I suppose one could tour,
with help, the gas giants,
view crystal megaliths by sulfur seas,
but I won't, for the moment; death remains
not that far out of the way.
One is, after all, a tourist.
It takes effort to become a wanderer.
I'm getting there.
- Avoid the bars, the mountaintop cafes
with a view of multiple sunsets,
where humans go. Where fashion
is to praise nothing seen
but traffic jams or childhoods
in Pyongyang, Delhi, Cleveland,
till a word takes one home.
But a wanderer sees and wants to see
nothing of his own.
Time is energy, the Gates attest,
and time is my time.
Last week I walked on vaguely orange grass
to a blue town
whose people waved their spindly arms
(?) in the air continually.
The gesture held no malice; I live.
They had no eyes, which I found somehow restful.
They fed me - at least there was food -
and buzzed; in motion, favored the ellipse.
But the planet was overcast
and I had little to give,
so moved another thousand light-years -
their Now, and mine -
to where there were stars.
(I think I love the different patterns most
or lack of pattern.)
We sat, some eggplant sage and I,
in a clearing, with a kind of notebook.
One grows adept at drawing the view from Earth.

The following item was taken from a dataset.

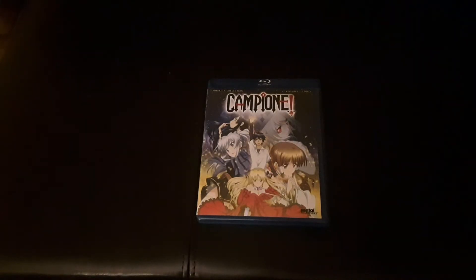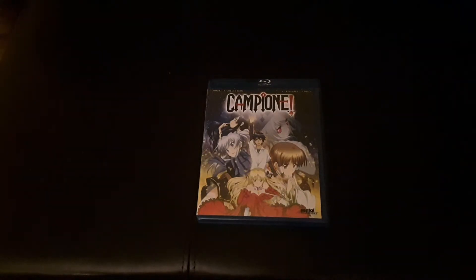Hello everybody and welcome to Soul Wonderland. I am your host Soul, and today we'll be taking a look inside Campione: The Complete Series on Blu-ray.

When I finished my dots, we listened
to the noises of his night.
He shrugged or nodded
some truism about the larger sky.
It's shameful to admit, but aliens
have become less important;
however at home they are, they too seem tourists.
Our fire, that other constant, waned.
Our two strange faces read its glowing embers.
I have outrun the turmoil of my youth,
I said. Have abandoned meaning
(he: That's for sure)
and care and company, save that of death.
Then the being, in whatever
medium, chided:
Vertical questions find only lateral answers.